Jeff Goins, in the 15 Habits of Great Writers Challenge, clarifies what he means by stealing:
"Sometimes, we don't even realize we do this, but we all do it. Great artists borrow from other artists. They meld together pieces of the chaotic mess we all call life, and they end up with a whole new creation.
Find a quote or a painting or some form of inspiration — and steal it. Make it your own. Attribute it — give credit where it's due — but don't be afraid to use it. Let someone else's work springboard you into your own."
Whew! I'm glad he explained his point. I don't like the idea of stealing.

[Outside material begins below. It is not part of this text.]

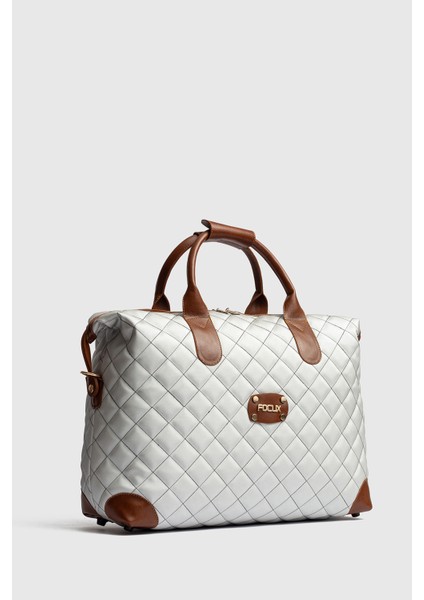 GK74 Nakışlı Valiz Seyahat Tatil Bavulu fiyatları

So, here it is....my author's "booty":
..."If I sin and am rebellious, help me to repent;
Then take away my mourning and give me music;
Remove my sackcloth and adorn me with beauty;
Take away my sighs and fill my mouth with songs;
And when I am restored and rest in thee,
Give me summer weather in my heart."
"Repose" from "The Valley of Vision: a Collection of Puritan Prayers and Devotions"
Coincidentally, I am creating a picture book in rhyme about Job's sufferings and restoration during this 3 week challenge. The above portion of a quote will serve as inspiration for the manuscript. I can already envision the ending..."Give me summer weather in my heart". PERFECT!
....and Jeff during the 15 Habits Challenge, tells us where to begin:
"Leonardo Da Vinci once said, "Art is never finished, only abandoned." So
every time you endeavor to create, you will have a choice:
You can first make it ugly, or not make it at all. There is nothing else.
All creation comes from chaos. All works of art begin as splotches of paint on a canvas. It's never beautiful at the outset. Before your work can reach its potential, it will first have to be bad."
And that's just what I have been doing with the Job story. Up at 5am (it's addicting) write for about two hours (tea break allowed). I am not a poet, but I am compelled to write it in verse. But, I will be brave and share a stanza with you:
Job was a man who was righteous in all
He did not sin, nor cause others to fall
Ten children he did have
He loved his dear kin,
Job sacrificed daily,
Just in case they would sin
And it goes downhill from there...
But, I will work and work and work some more to perfect the rhyme. And then send it in to a critique group.
I like STARTING UGLY. It relieves the pressure to be perfect. And it gets words on paper. Without words, an author has no tools.